The Passenger by
Chris Petit
hbk out April 06
Published by Simon Schuster
at £12.99
An unusual 'American conspiracy' novel, though written by a Briton and
based almost entirely in the UK. It is an alternative explanation to the
Lockerbie Pan-Am disaster in 1988, giving a very different theory as to
the perpetrators.
Collard, a British businessman on the fringes of the arms trade, was due
to fly from Frankfurt to New York with his son Nick, but due to a sudden
business appointment, breaks his journey in London and misses the
doomed onward flight, which his son ostensibly takes. When the crash is
reported, Collard gatecrashes an investigating team and ends up in
Lockerbie, frantic to find his son's body – which never turns up, though
he sees mysterious Americans in helicopters hi-jacking a few corpses.

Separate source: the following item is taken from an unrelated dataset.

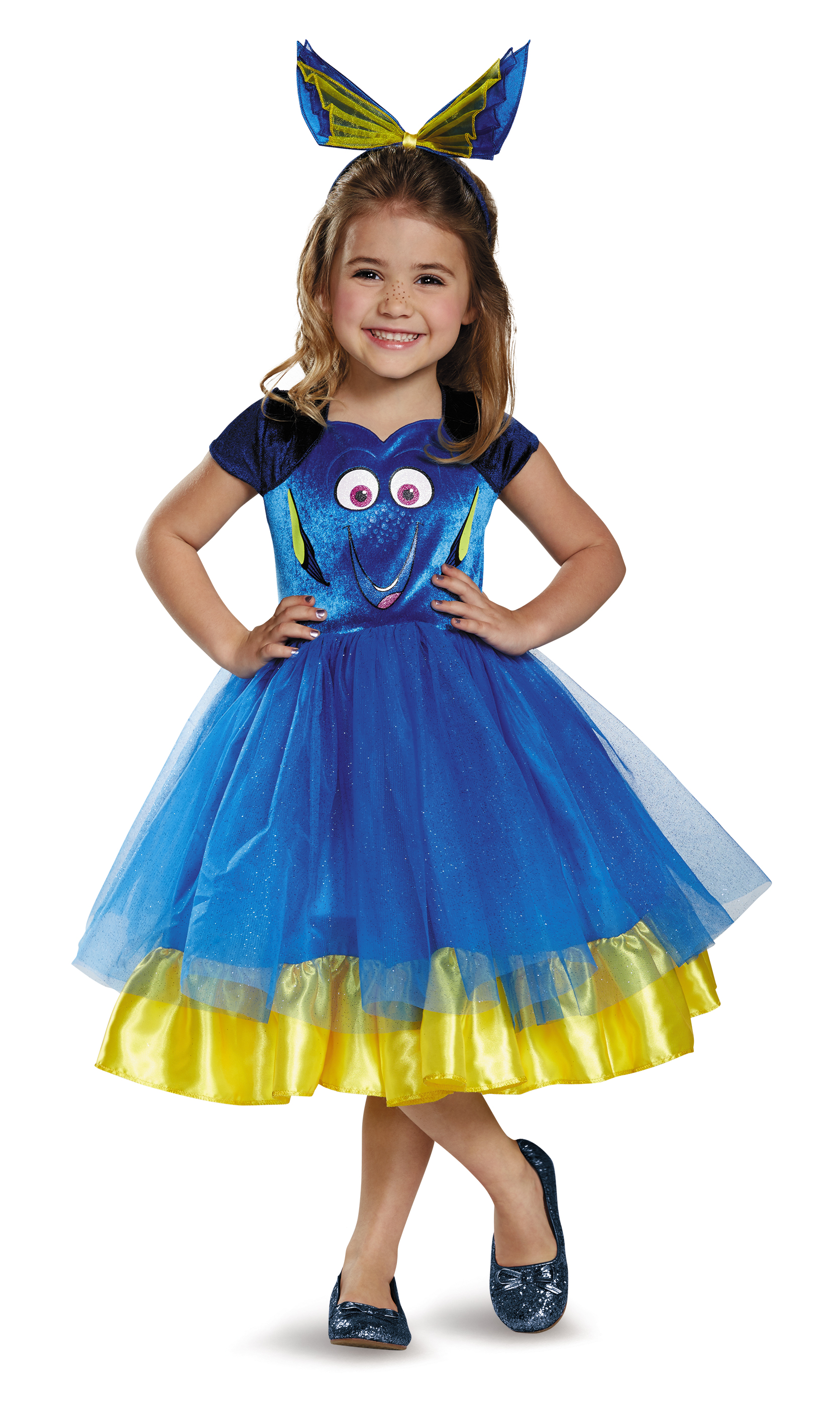 Dory Toddler Tutu Deluxe Costume Size 2T, 3T-4T, 4-6X - Click Image to Close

He is interrogated and told that Nick was not on the plane, but his
luggage was. The plot goes on into the interaction between the drug trade,
arms sales and Middle East terrorism.
Interspersed with this mainstream story, is the repeated appearance of a
super-annuated CIA agent, James Angleton, who had been in the same
UK public school as Collard, who was the architect of many US
undercover escapades. There are numerous flashbacks to 1943, to more
recent meetings in Wales of old spies, and of old CIA adventures and
scandals. The characters introduced include Graham Greene, Kim Philby,
and Edgar Hoover. The Dallas shooting of JFK, the death of Marilyn
Monroe and other disputed events are all laid at the feet of shadowy US
agencies.
I found the book a confusing and fragmented story, with a strange format
of short chapters and allusions to people and events that meant little to
me, almost as if the author was having a secret dialogue with himself. He
attributed some particularly obscene remarks to Graham Green, which
may be true, but if not, are rather repugnant.
The jacket blurb says that his previous book, The Psalm Killer, was a big
seller, and there are critic quotes from 'the heavies' to back that up – but
'The Passenger' is not a novel I would want to read from choice.
(
Bernard Knight
ex Home Office Pathologist and author of the highly acclaimed Crowner John series)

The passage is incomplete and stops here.